Exercise goal: No line before the one holding "Siddique Balu Shahi – 500g" is to be copied; that line and all after it, through the end of the listing, are returned exactly, minus pictures.

Supplied data:
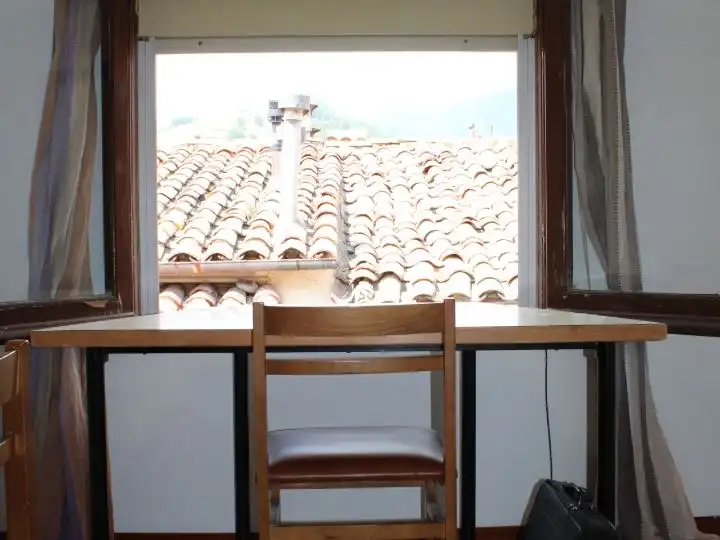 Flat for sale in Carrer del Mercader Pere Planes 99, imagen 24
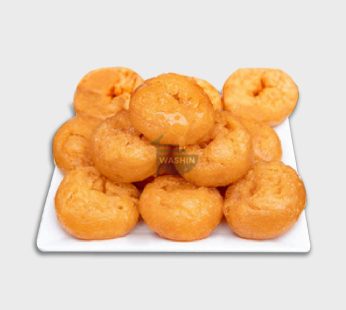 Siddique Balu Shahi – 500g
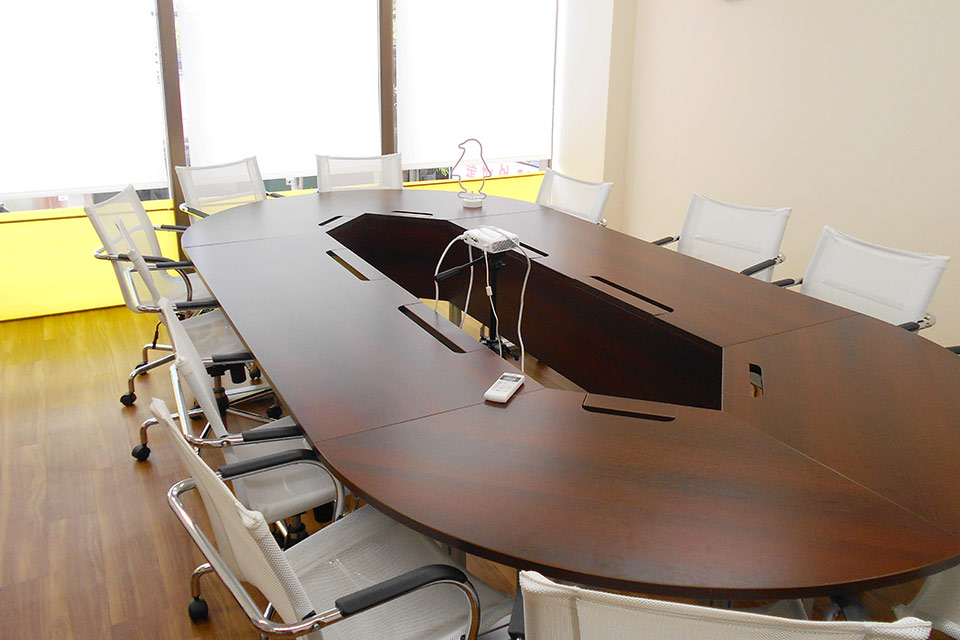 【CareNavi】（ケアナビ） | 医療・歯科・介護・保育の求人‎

Output of the exercise:
 Siddique Balu Shahi – 500g
 【CareNavi】（ケアナビ） | 医療・歯科・介護・保育の求人‎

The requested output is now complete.